▶ [Dataset excerpts]
···

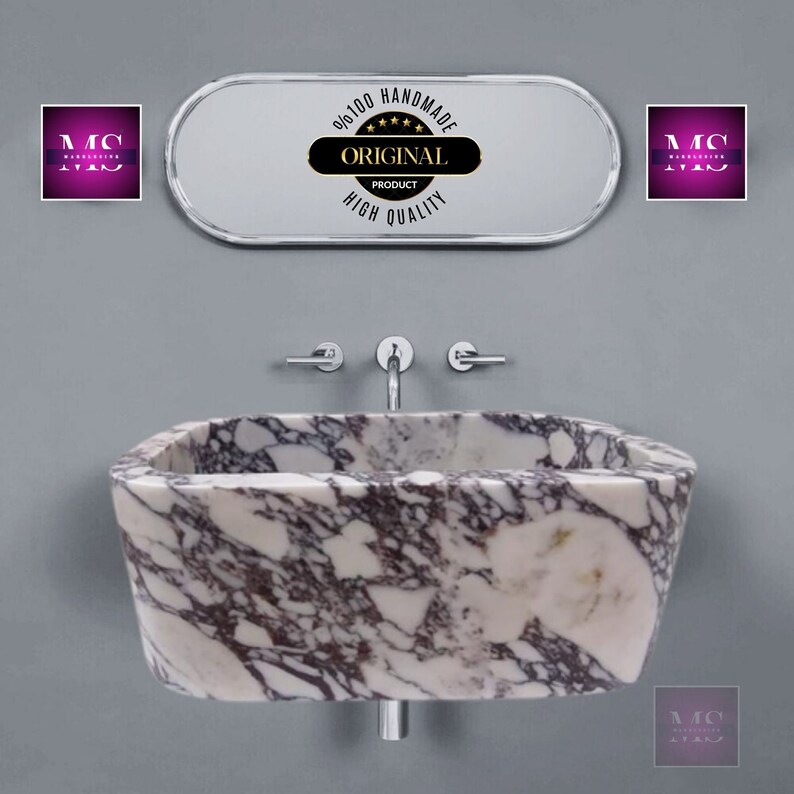 Hand-crafted Calacatta Marble Sink - Luxurious & Durable - Customizable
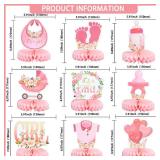 Gyufise 9Pcs Pink Baby Shower Decorations Honeycomb Centerpieces for Girls Floral It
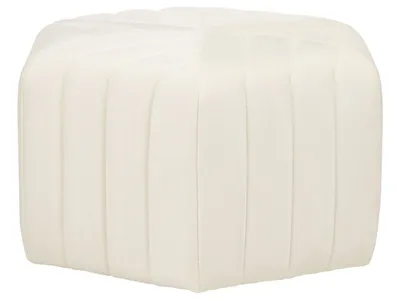 Produktbild von BELIANI Pouf Cremeweiß Samtstoff Gesteppt Sechseckig Glamourös Modern Sitzhocker für Wohnzimmer Schlafzimmer Esszimmer Garderobe Flur Schminktisch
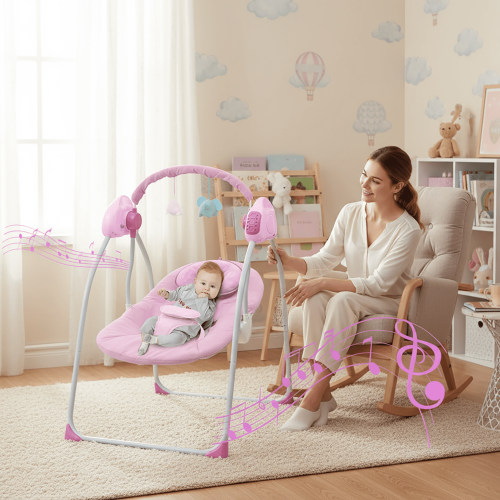 Portable 3-Speed Baby Swing-Foldable,Musical (Pink Unicorn, 0-9M)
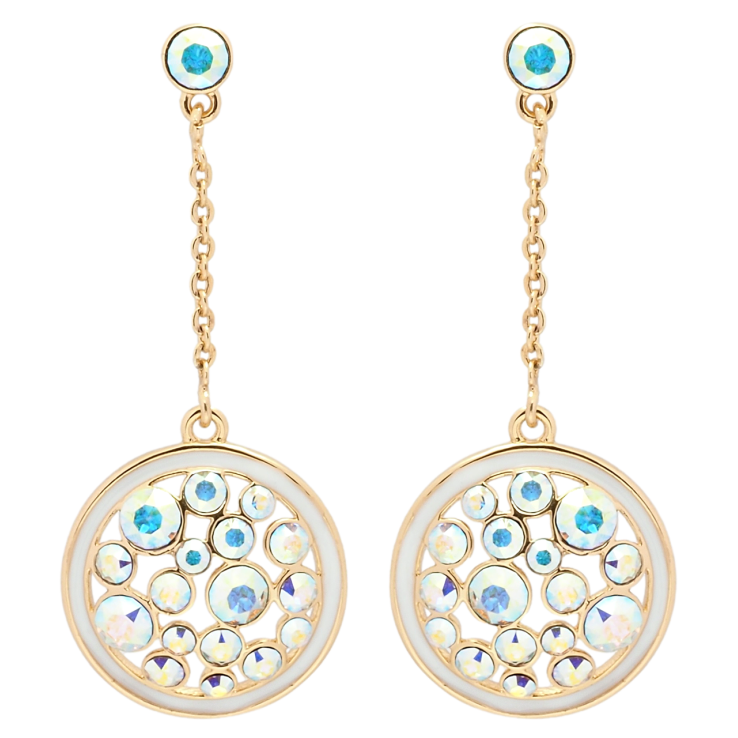 Сережки Xuping колір 18K з кристалами Swarovski пусети Круглі підвіски з кристалами АВ фото №25 Сережки Xuping колір 18K з кристалами Swarovski пусети Круглі підвіски з кристалами АВ фото №25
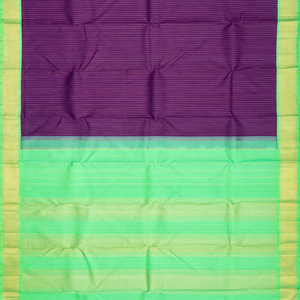 Magenta Handloom Kanchipuram Korvai Silk Saree With Zari Stripes-Magenta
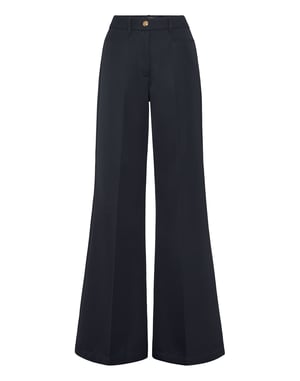 Wool Marine Low Waist Trousers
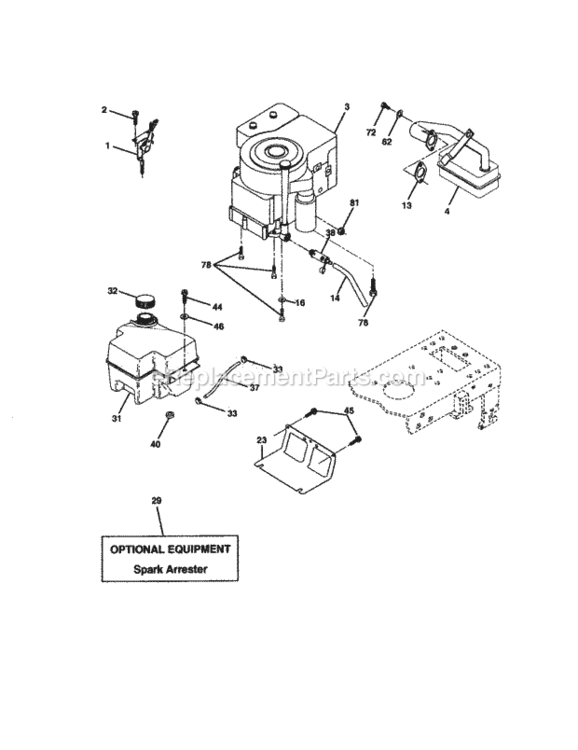Page E Diagram and Parts List for 917271470  Craftsman Lawn Tractor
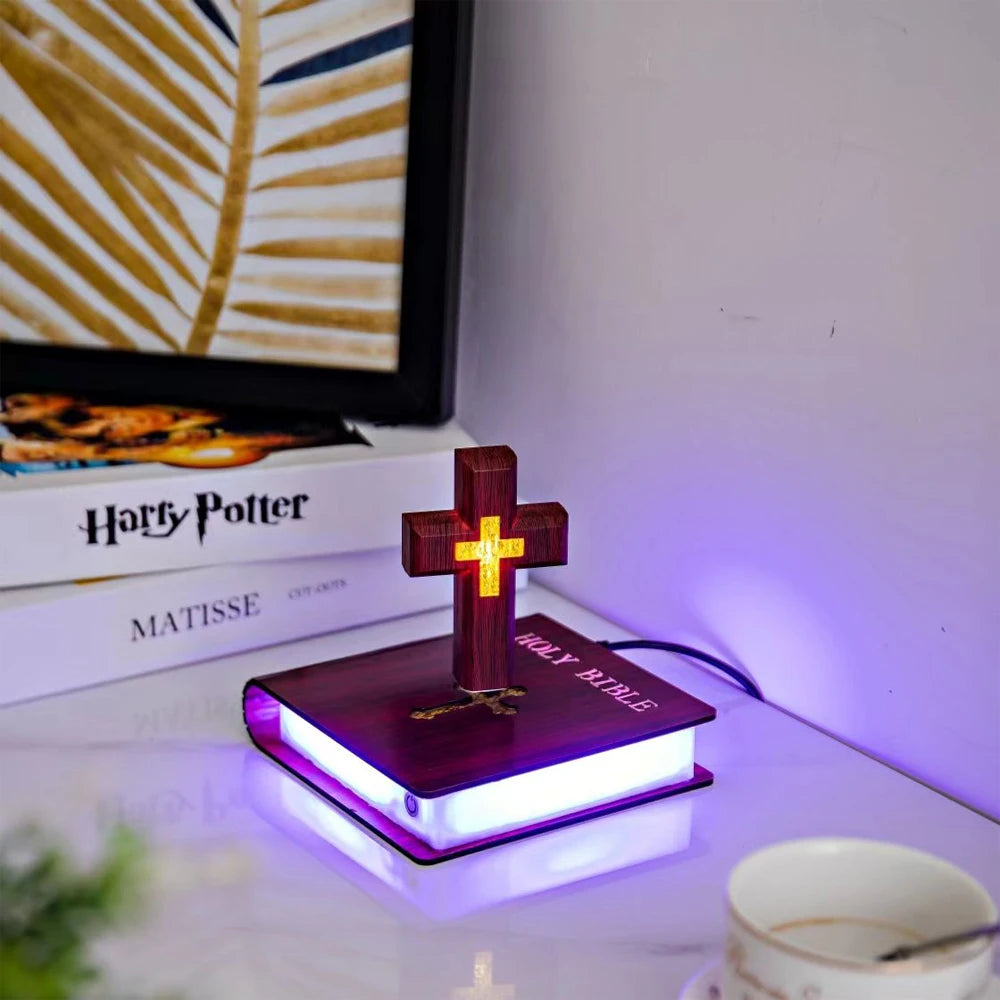 Magnetic Levitating Cross Lamp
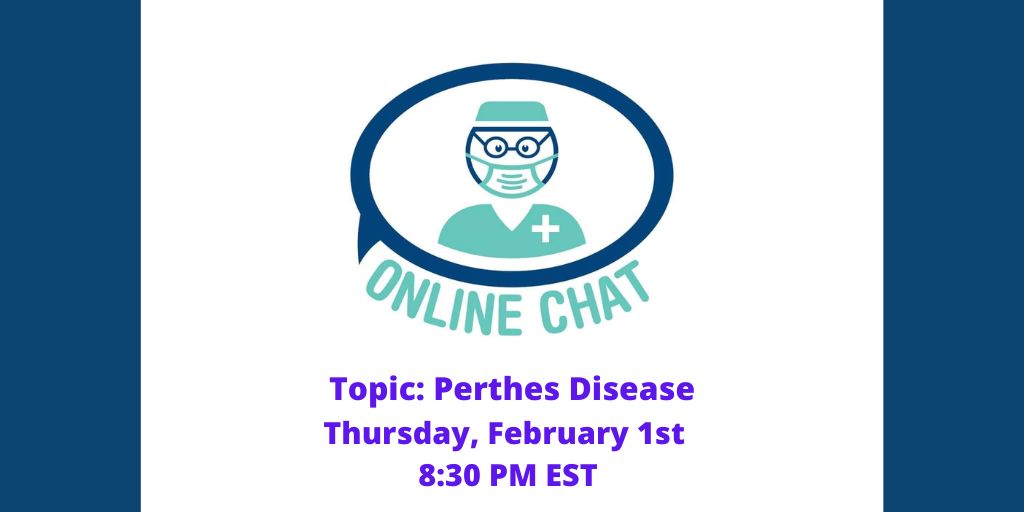 Have a question about #Perthes or #AVN? Join us on Thursday, Feb. 1st at 8:30 PM EST for a free online chat session! See tinyurl.com/ICLLChat for details. #ICLL #ICLLChat #PerthesDisease #AvascularNecrosis #hip #orthopedics #PediatricOrthopedics #DrShawnStandard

···

▶ [Exercise directions] Your reply must reproduce all of the entries exactly and contain no pictures.

▶ [Your response]
 Hand-crafted Calacatta Marble Sink - Luxurious & Durable - Customizable
 Gyufise 9Pcs Pink Baby Shower Decorations Honeycomb Centerpieces for Girls Floral It
 Produktbild von BELIANI Pouf Cremeweiß Samtstoff Gesteppt Sechseckig Glamourös Modern Sitzhocker für Wohnzimmer Schlafzimmer Esszimmer Garderobe Flur Schminktisch
 Portable 3-Speed Baby Swing-Foldable,Musical (Pink Unicorn, 0-9M)
 Сережки Xuping колір 18K з кристалами Swarovski пусети Круглі підвіски з кристалами АВ фото №25 Сережки Xuping колір 18K з кристалами Swarovski пусети Круглі підвіски з кристалами АВ фото №25
 Magenta Handloom Kanchipuram Korvai Silk Saree With Zari Stripes-Magenta
 Wool Marine Low Waist Trousers
Page E Diagram and Parts List for 917271470  Craftsman Lawn Tractor
 Magnetic Levitating Cross Lamp
 Have a question about #Perthes or #AVN? Join us on Thursday, Feb. 1st at 8:30 PM EST for a free online chat session! See tinyurl.com/ICLLChat for details. #ICLL #ICLLChat #PerthesDisease #AvascularNecrosis #hip #orthopedics #PediatricOrthopedics #DrShawnStandard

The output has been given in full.